There is a truism I have discovered and experienced more times than I can count over the more than four decades of my life, and that is: Prayer is hard. It is something many of us come to realize, and yet it is not regularly admitted. I bet, if you are still reading, there is something to this truism that rings with authenticity and clarity for you.
For many years, the difficulty I had praying kept me from a regular and vital prayer life. During this dark time, I stumbled onto a quote that was of great encouragement and moved me beyond thinking that if I couldn’t pray perfectly, I couldn’t pray at all. The quote comes from Dom Chapman:
Pray as you can, and do not try to pray as you can’t.

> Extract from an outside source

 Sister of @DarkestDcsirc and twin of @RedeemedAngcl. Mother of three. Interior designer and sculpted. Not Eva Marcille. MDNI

After reading that quote, the parable that Jesus tells of a tax collector and a Pharisee came to my mind (Luke 18:10-13). The Pharisee prays from a presumptuous and arrogant place, while the tax collector humbly acknowledges his more realistic place before God. Jesus’s point is that we are to come to God in prayer—not as we desire to be, or wearing a mask to find God’s approval. To approach God the way the tax collector does is to fight the temptation to employ pious language or perfect formulas or to act like we are more accepting of God’s will than reflects our personal reality.

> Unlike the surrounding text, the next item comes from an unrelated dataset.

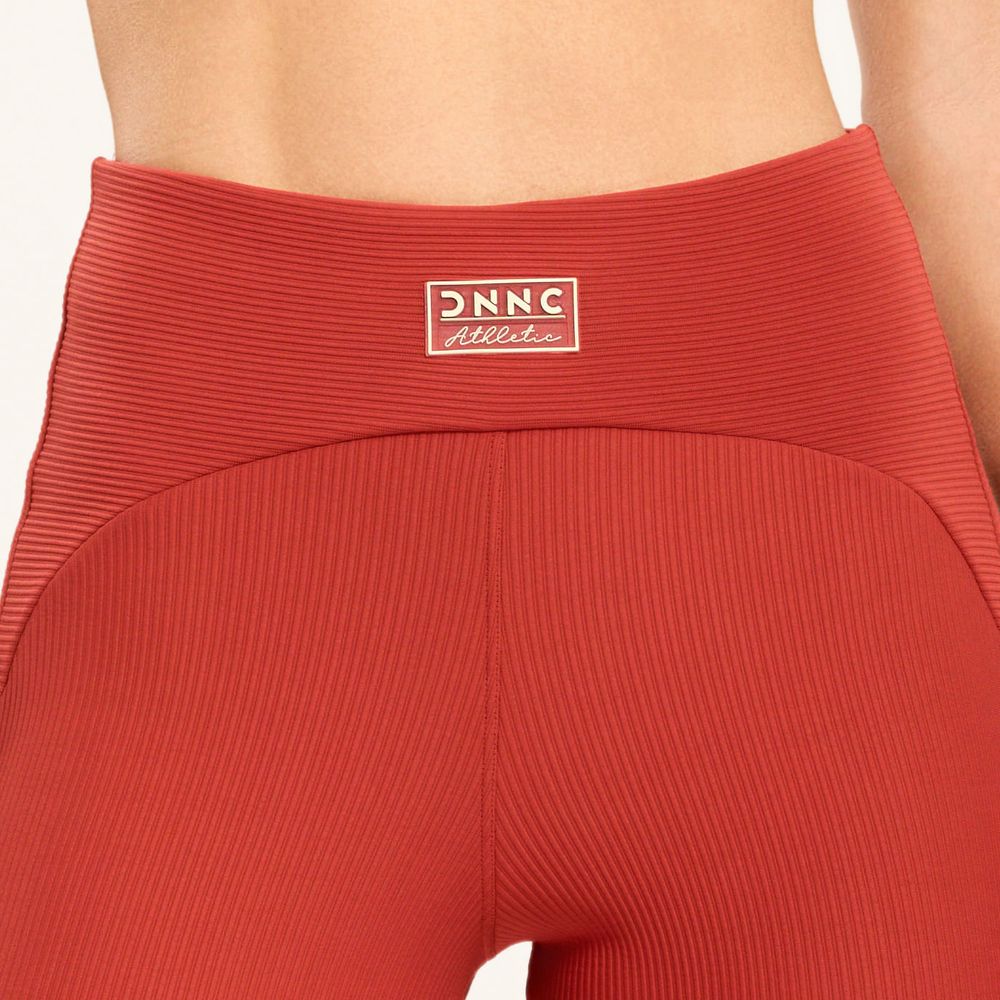ÉPINE logo arm volume knit red Stinger Premium Arm Sleeve - Red – Stinger Sports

When we find it difficult to pray, we should avoid the temptation to put on a mask or bring only the holy parts of ourselves before God. Let us come before God in honest prayer, bringing our whole selves, praying as we can—with few words or many; not using language that puffs us up but words that reveal our need for God’s mercy, power, and love.
When I find it difficult to pray, I often pray simply: Lord Jesus Christ, have mercy on me, a sinner. Amen.